Posted in Articles, Arts, Asian Diaspora, Campus Life, Media Archive, United States on 2017-04-24 02:45Z by Steven

‘The Bling Ring’ Actress Katie Chang Finds Drive In Activism and Identity

NBC News
2017-04-20

Tiffany Hu


Katie Chang, is currently a senior at Northwestern. Her second movie is scheduled to debut on April 14. Mia Zanzucchi / Courtesy of Katie Chang

Katie Chang isn’t taking her last year of college easy.

The 21-year-old actress is spending her last semester at Northwestern University taking classes on making her own web series and curating film festivals. She’s also writing and producing a number of plays on campus. During her breaks, she auditions and films.

But while she plays one of the eponymous “outcasts,” Chang is quick to say her character isn’t a stereotype.

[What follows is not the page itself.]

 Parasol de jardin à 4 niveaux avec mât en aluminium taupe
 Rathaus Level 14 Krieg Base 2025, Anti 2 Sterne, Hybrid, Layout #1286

“I was up for a different role originally,” she told NBC News. “The girl they had playing the role that I ended up playing was white, tall, and blonde — so it was more of which actor fit best with which role.”…

…A multiracial actress, Chang has considered changing her last name in an attempt to land more roles. But when her first film, “The Bling Ring” directed by Sofia Coppola, came out in 2013, she decided against it. While she noted that some casting directors aren’t looking to cast “Katie Chang as a lead actress” in teen-focused romantic comedies, she said her decision not to use a stage name has pushed her to work harder…

Read the entire article here.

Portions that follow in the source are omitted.